TASK DATA:

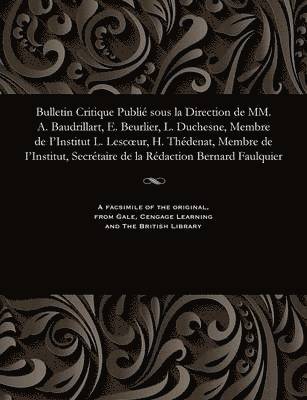 Bulletin Critique Publié Sous La Direction de MM. A. Baudrillart, E. Beurlier, L. Duchesne, Membre de I'institut L. Lescoeur, H. Thédenat, Membre de I'institut, Secrétaire de la Rédaction Bernard Faulquier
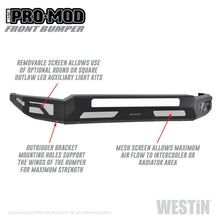 Load image into Gallery viewer, Westin 2011-2016 Ford F-250/350/450/550 Super Duty Pro-Mod Front Bumper
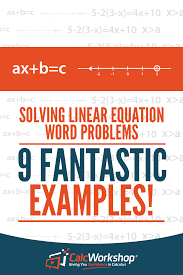 Solving Linear Equation Word Problems 9 Terrific Examples Word Problems Translating Algebraic Expressions Linear Equations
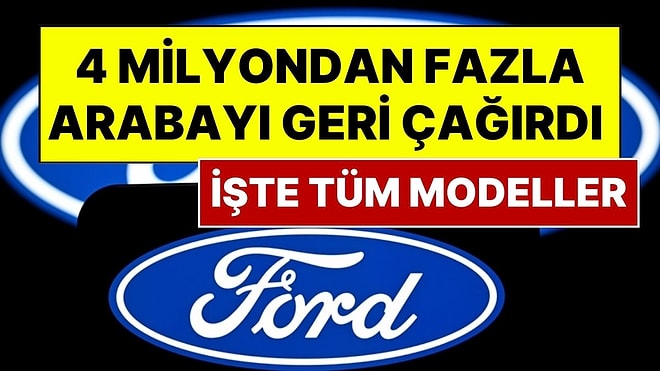 Ford, Yazılım Hatası Nedeniyle 4 Milyondan Fazla Aracını Geri Çağırdı: İşte Tüm Modeller!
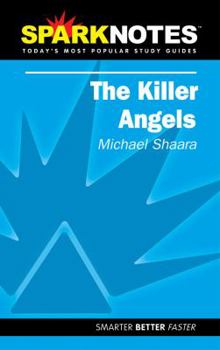 Paperback The Killer Angels (Sparknotes Literature Guide) Book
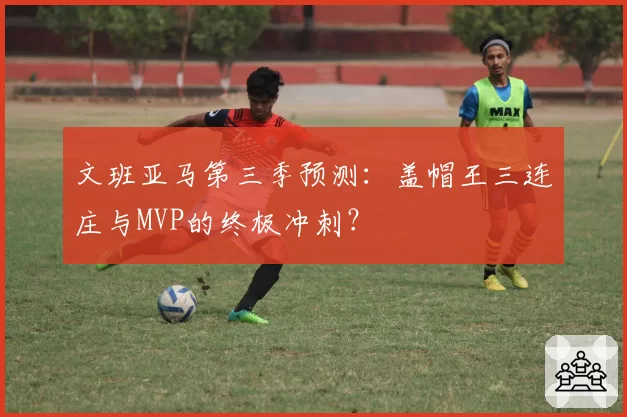 文班亚马第三季预测：盖帽王三连庄与MVP的终极冲刺？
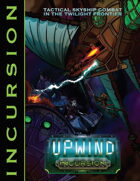 Upwind: Incursion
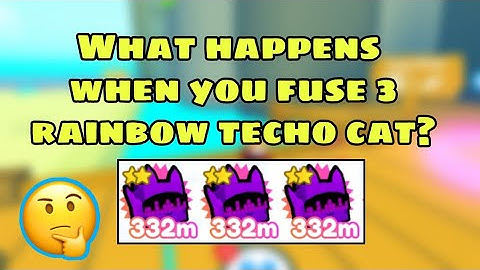 WHAT HAPPENS WHEN YOU FUSE 3 RAINBOW TECHNO CAT? | PET SIMULATOR X (ROBLOX)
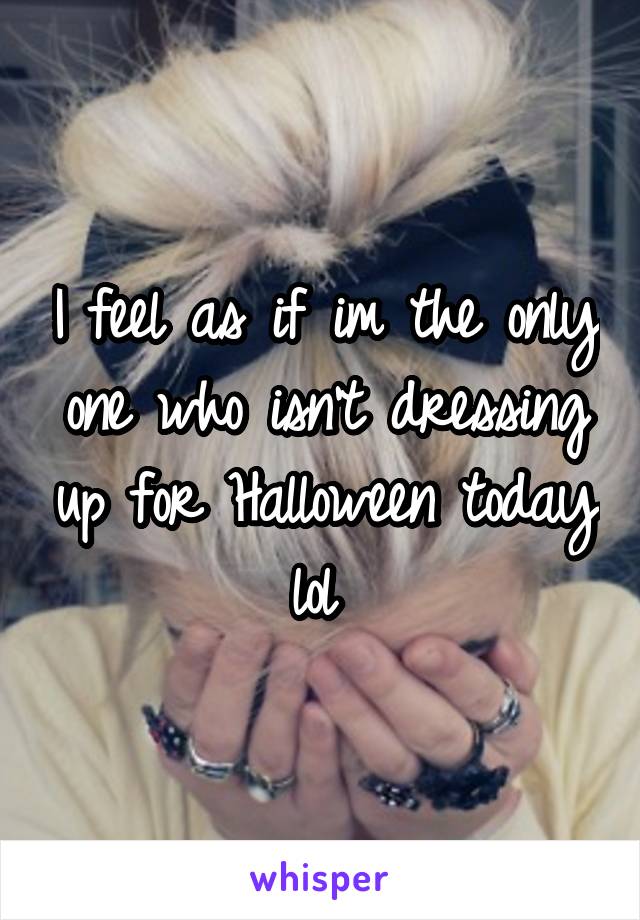 I feel as if im the only one who isn't dressing up for Halloween today lol 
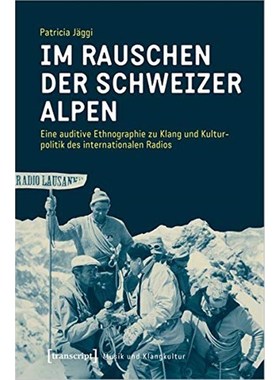 预订【德语】 Im Rauschen der Schweizer Alpen:Eine auditive Ethnographie zu Klang und Kulturpolitik des internationalen R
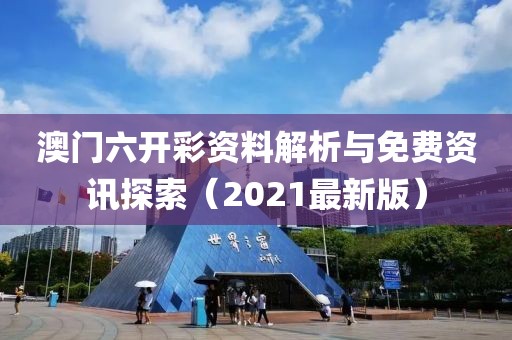 澳门六开彩资料解析与免费资讯探索（2021最新版）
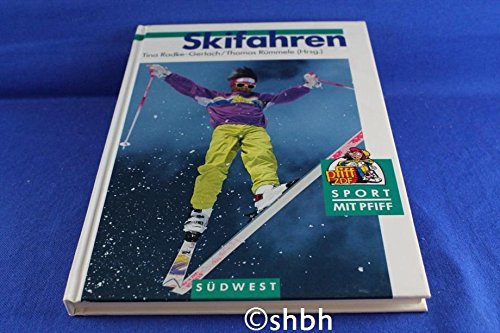 Skifahren - Sport mit Pfiff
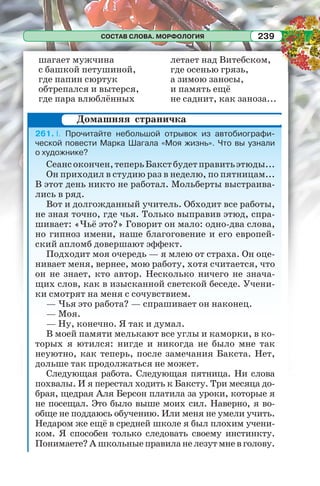 СОСТАВ СЛОВА. МОРФОЛОГИЯ 239
шагает мужчина
с башкой петушиной,
где папин сюртук
обтрепался и вытерся,
где пара влюблённых
летает над Витебском,
где осенью грязь,
а зимою заносы,
и память ещё
не саднит, как заноза...
261. I. Прочитайте небольшой отрывок из автобиографи-
ческой повести Марка Шагала «Моя жизнь». Что вы узнали
о художнике?
Сеансокончен,теперьБакстбудетправитьэтюды...
Он приходил в студию раз в неделю, по пятницам...
В этот день никто не работал. Мольберты выстраива-
лись в ряд.
Вот и долгожданный учитель. Обходит все работы,
не зная точно, где чья. Только выправив этюд, спра-
шивает: «Чьё это?» Говорит он мало: одно-два слова,
но гипноз имени, наше благоговение и его европей-
ский апломб довершают эффект.
Подходит моя очередь — я млею от страха. Он оце-
нивает меня, вернее, мою работу, хотя считается, что
он не знает, кто автор. Несколько ничего не знача-
щих слов, как в изысканной светской беседе. Учени-
ки смотрят на меня с сочувствием.
— Чья это работа? — спрашивает он наконец.
— Моя.
— Ну, конечно. Я так и думал.
В моей памяти мелькают все углы и каморки, в ко-
торых я ютился: нигде и никогда не было мне так
неуютно, как теперь, после замечания Бакста. Нет,
дольше так продолжаться не может.
Следующая работа. Следующая пятница. Ни слова
похвалы. И я перестал ходить к Баксту. Три месяца до-
брая, щедрая Аля Берсон платила за уроки, которые я
не посещал. Это было выше моих сил. Наверно, я во-
обще не поддаюсь обучению. Или меня не умели учить.
Недаром же ещё в средней школе я был плохим учени-
ком. Я способен только следовать своему инстинкту.
Понимаете?Ашкольныеправиланелезутмневголову.
Домашняя страничка
 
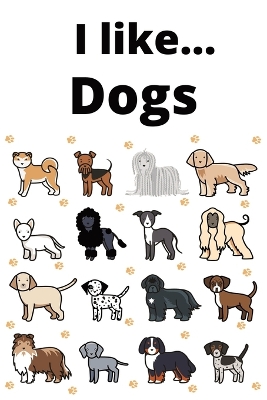 I like dogs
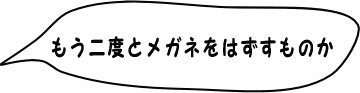 二度とメガネを外すものか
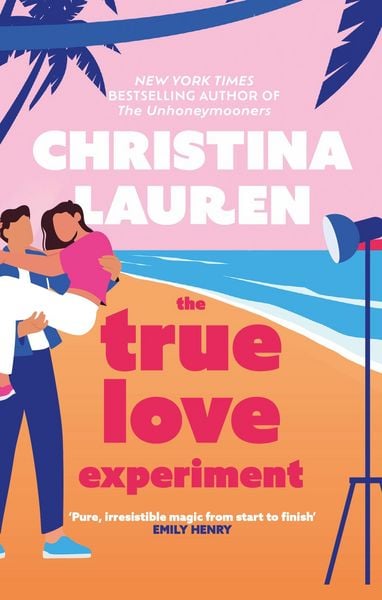 The True Love Experiment, Taschenbuch von Christina Lauren, Little, Brown Book Group, 978-0-349-43363-9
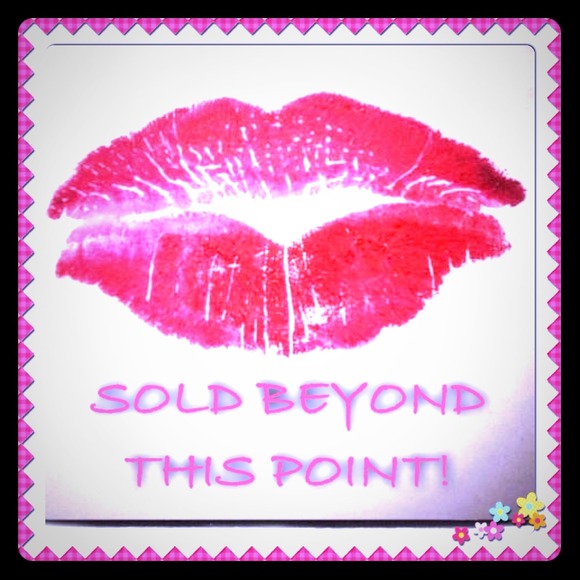SOLD BEYOND THIS POINT!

TASK BRIEF: Pictures must be left out of the answer, which should be exactly the lines from the one holding "неуютно, как теперь, после" through the last line of the entries above, both included; please add nothing.

THE COMPLETED TASK:
неуютно, как теперь, после замечания Бакста. Нет,
дольше так продолжаться не может.
Следующая работа. Следующая пятница. Ни слова
похвалы. И я перестал ходить к Баксту. Три месяца до-
брая, щедрая Аля Берсон платила за уроки, которые я
не посещал. Это было выше моих сил. Наверно, я во-
обще не поддаюсь обучению. Или меня не умели учить.
Недаром же ещё в средней школе я был плохим учени-
ком. Я способен только следовать своему инстинкту.
Понимаете?Ашкольныеправиланелезутмневголову.
Домашняя страничка
 
 I like dogs
 二度とメガネを外すものか
 The True Love Experiment, Taschenbuch von Christina Lauren, Little, Brown Book Group, 978-0-349-43363-9
SOLD BEYOND THIS POINT!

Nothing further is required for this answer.